That’s the findings of the ‘Vision for Nature’ report, written by environmental campaign group, A Focus on Nature group, which sets out young people’s visions for the future of Britain’s wildlife and environment.
The report urges the UK government to take action before “irreversible damage” is caused to Britain’s wildlife and important natural places, and has the backing of Sir David Attenborough.
The broadcaster and naturalist, Sir David Attenborough, said: “None of us own the natural world. We only hold it in trust for the next generation.

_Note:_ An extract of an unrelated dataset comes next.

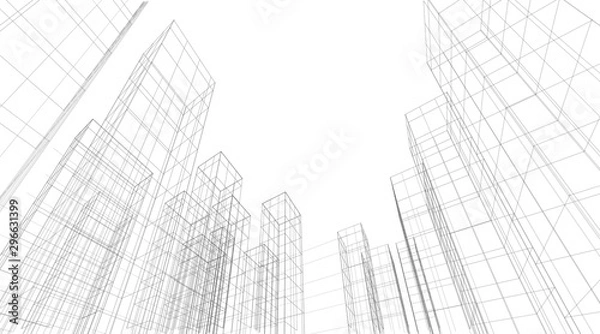 Obraz Architecture building 3d. Concept sketch. Vector backdrop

It is cause for hope that, as this report shows, so many of those who will inherit it, feel the same.”
Using data from a CensusWide survey of 1,000 people aged 16 to 34-years-old the report also shows that almost nine out of 10 young people think it is important for politicians and other decision-makers to take care of Britain’s wildlife and help preserve the environment for future generations.

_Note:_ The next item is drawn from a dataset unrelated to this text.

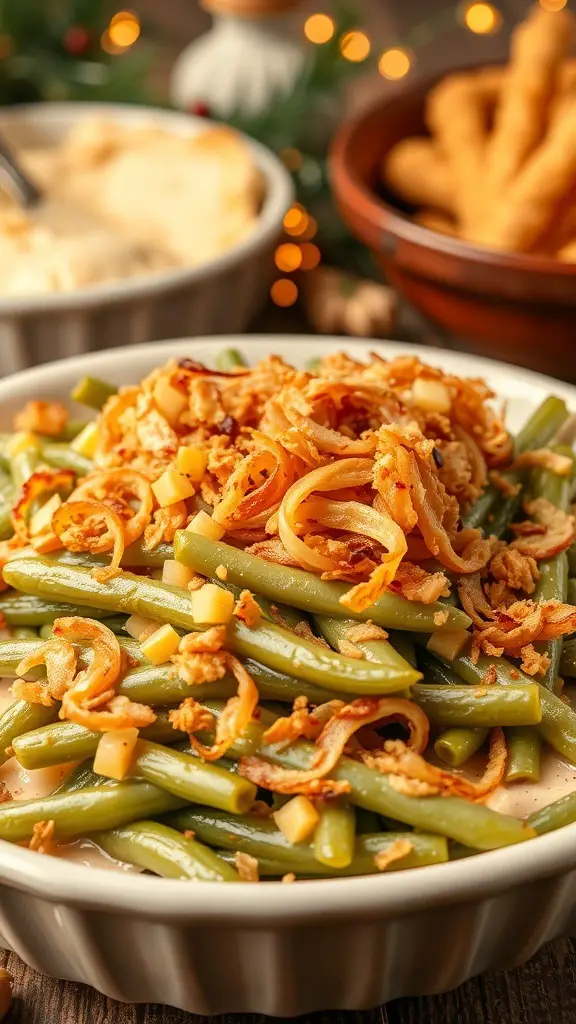 A delicious serving of green bean casserole topped with crispy fried onions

Setting out recommendations for parliament to achieve their vision by 2050, the campaigners call for a programme of rewilding, and the reintroduction of extinct native species, such as lynxes and beavers in Britain.
Tax breaks and subsides for fossil fuels to be redirected to renewable energy were also called for, while it suggests that agricultural payments incentivise the management of farmland that benefits wildlife.

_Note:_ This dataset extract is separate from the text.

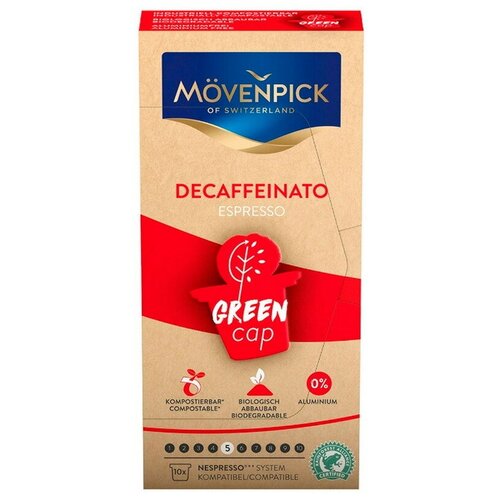 Капсулы для кофемашин Кофе Movenpick Espresso Decaffeinato Green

The report also said primary school children should spend 20 per cent of lesson time outdoors in quality green space, with half of that time dedicated to learning more about the natural world.
Matt Williams, Associate Director of A Focus on Nature and Senior Editor of the report, said: “We’re lucky to have so much wonderful wildlife and amazing places in the UK but study after study has shown that we’re losing nature at a faster rate than at any other time in recent history.
“As young people, we will be affected far more by the future impacts of the loss of wildlife than older generations. We know that things aren’t looking good at the moment, so today we’re setting out our Vision for Nature.”
He added: “We started work on this report two years ago. The fact that we’ve voted to leave the EU since then only makes it more important than ever that we have an ambitious vision for helping wildlife in our country. We hope the new Secretary of State for the Environment and the new Prime Minister will come up with an ambitious and decades’-long plan for restoring wildlife.”